___ Data under study ___

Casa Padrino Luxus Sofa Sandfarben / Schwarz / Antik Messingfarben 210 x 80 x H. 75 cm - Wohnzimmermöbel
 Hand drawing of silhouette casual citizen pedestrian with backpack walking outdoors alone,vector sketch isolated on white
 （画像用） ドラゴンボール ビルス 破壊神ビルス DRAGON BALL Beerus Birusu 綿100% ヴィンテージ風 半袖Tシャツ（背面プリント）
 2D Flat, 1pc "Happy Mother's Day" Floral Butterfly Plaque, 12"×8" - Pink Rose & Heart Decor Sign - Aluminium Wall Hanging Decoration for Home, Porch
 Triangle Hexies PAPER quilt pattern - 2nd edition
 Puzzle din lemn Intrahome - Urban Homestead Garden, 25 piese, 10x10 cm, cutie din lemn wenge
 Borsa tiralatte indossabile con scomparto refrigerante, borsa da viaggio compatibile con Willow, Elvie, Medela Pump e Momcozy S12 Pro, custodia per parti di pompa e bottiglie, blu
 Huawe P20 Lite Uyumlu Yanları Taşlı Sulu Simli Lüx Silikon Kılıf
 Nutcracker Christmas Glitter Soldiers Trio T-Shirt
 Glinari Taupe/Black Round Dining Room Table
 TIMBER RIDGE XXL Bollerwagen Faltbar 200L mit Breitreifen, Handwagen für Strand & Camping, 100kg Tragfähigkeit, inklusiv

___

Every record should be given again without alteration.

Casa Padrino Luxus Sofa Sandfarben / Schwarz / Antik Messingfarben 210 x 80 x H. 75 cm - Wohnzimmermöbel
 Hand drawing of silhouette casual citizen pedestrian with backpack walking outdoors alone,vector sketch isolated on white
 （画像用） ドラゴンボール ビルス 破壊神ビルス DRAGON BALL Beerus Birusu 綿100% ヴィンテージ風 半袖Tシャツ（背面プリント）
 2D Flat, 1pc "Happy Mother's Day" Floral Butterfly Plaque, 12"×8" - Pink Rose & Heart Decor Sign - Aluminium Wall Hanging Decoration for Home, Porch
 Triangle Hexies PAPER quilt pattern - 2nd edition
 Puzzle din lemn Intrahome - Urban Homestead Garden, 25 piese, 10x10 cm, cutie din lemn wenge
 Borsa tiralatte indossabile con scomparto refrigerante, borsa da viaggio compatibile con Willow, Elvie, Medela Pump e Momcozy S12 Pro, custodia per parti di pompa e bottiglie, blu
 Huawe P20 Lite Uyumlu Yanları Taşlı Sulu Simli Lüx Silikon Kılıf
 Nutcracker Christmas Glitter Soldiers Trio T-Shirt
 Glinari Taupe/Black Round Dining Room Table
 TIMBER RIDGE XXL Bollerwagen Faltbar 200L mit Breitreifen, Handwagen für Strand & Camping, 100kg Tragfähigkeit, inklusiv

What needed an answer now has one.